Member of the Arkansas House of Representatives from the 100th district
- In office January 2009 – January 2013
- Preceded by: Daryl Pace
- Succeeded by: Karen Hopper

Member of the Arkansas House of Representatives from the 92nd district
- In office January 2013 – January 2015
- Preceded by: Greg Leding
- Succeeded by: Kim Hendren

Personal details
- Born: August 1943 (age 82) Gravette, Benton County Arkansas, USA
- Party: Republican
- Children: Two daughters
- Occupation: Retired Benton County clerk

= Mary Lou Slinkard =

American politician

Mary Lou Spradling Slinkard (born August 1943) is a Republican former member of the Arkansas House of Representatives. From 2013 to 2015, she represented District 92 in Benton County in far northwestern Arkansas. From 2009 to 2013, she was the representative for District 100.

A native and a resident of Gravette, she is the former county clerk of Benton County, a position in which she served for twenty-eight years. She assumed the representative's position in 2009 and was reelected without opposition in the general elections of 2010 and 2012.

Slinkard had a primary opponent in 2012, Jim Parsons. Her district includes the city of Bella Vista, once represented by Republican Donna Hutchinson, a former representative from District 98.

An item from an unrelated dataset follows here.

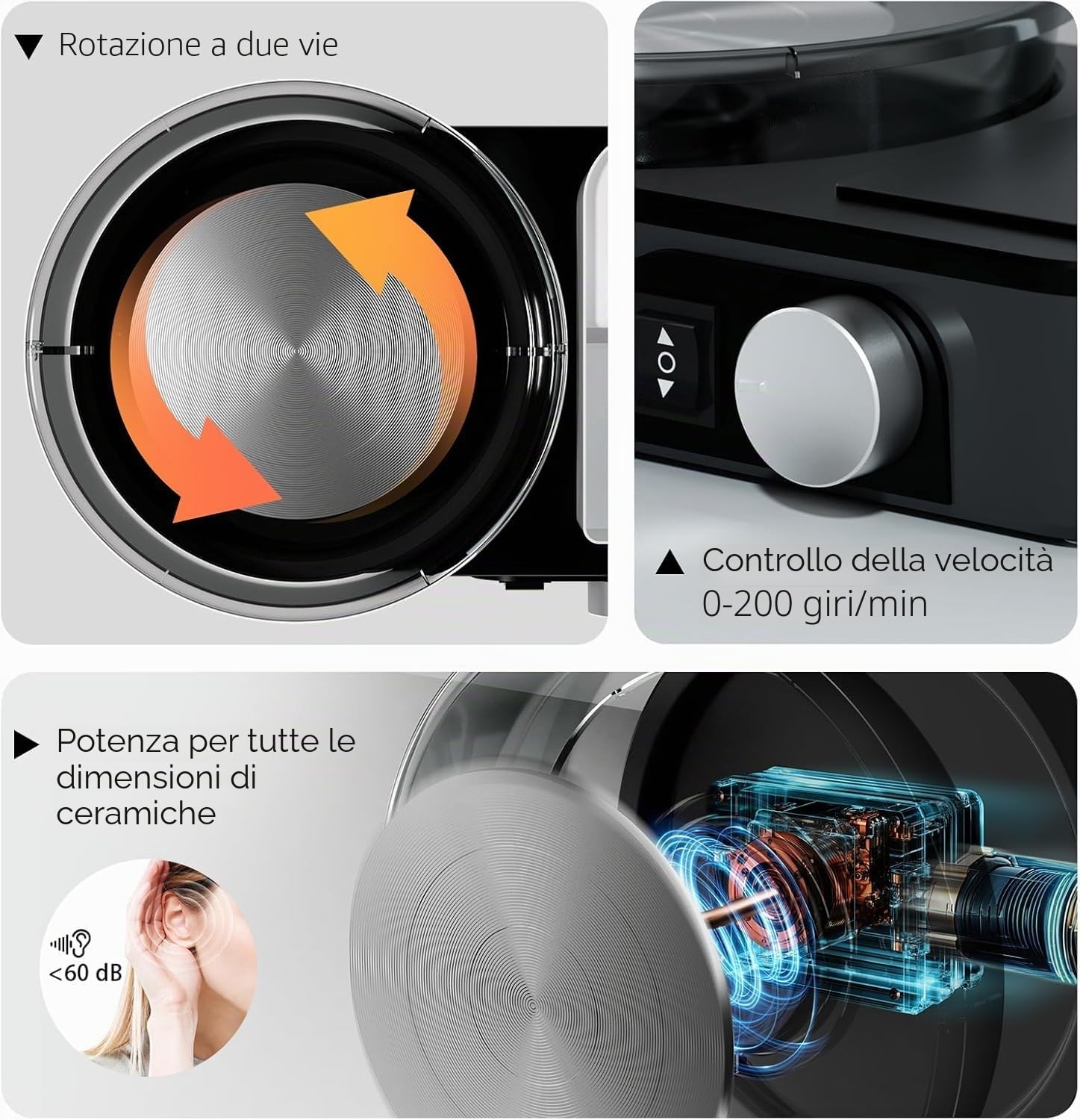 Tornio per Ceramica Elettrico per Principianti e Professionisti – Kit Ceramica Completo per Casa con 1kg di Argilla, 0-200 RPM e Accessori, Macchina Professionale per Progetti Fai da Te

A conservative lawmaker, Slinkard in 2013 voted to override Democratic Governor Mike Beebe's vetoes bills to restrict abortion access. She voted to prohibit abortion coverage in state employees health insurance plans. Slinkard also voted to override Beebe's veto of the law requiring photo identification as a condition for voting in Arkansas. She voted to place a spending cap on state spending, but the measure failed by two House votes. She voted to allow university staff to engage in concealed carry of a handgun for campus safety. Slinkard serves on three House committees: (1) City, County and Local Affairs, (2) Judiciary, and (3) Legislative Joint Audit Committee. She is a member of the American Legislative Exchange Council (ALEC).

Slinkard was term-limited under state law in 2014. Former State Senator Kim Hendren, also of Gravette, was elected at the age of seventy-six, to succeed her in the state House. Henderen also served in the state House for the term from 2001 to 2003.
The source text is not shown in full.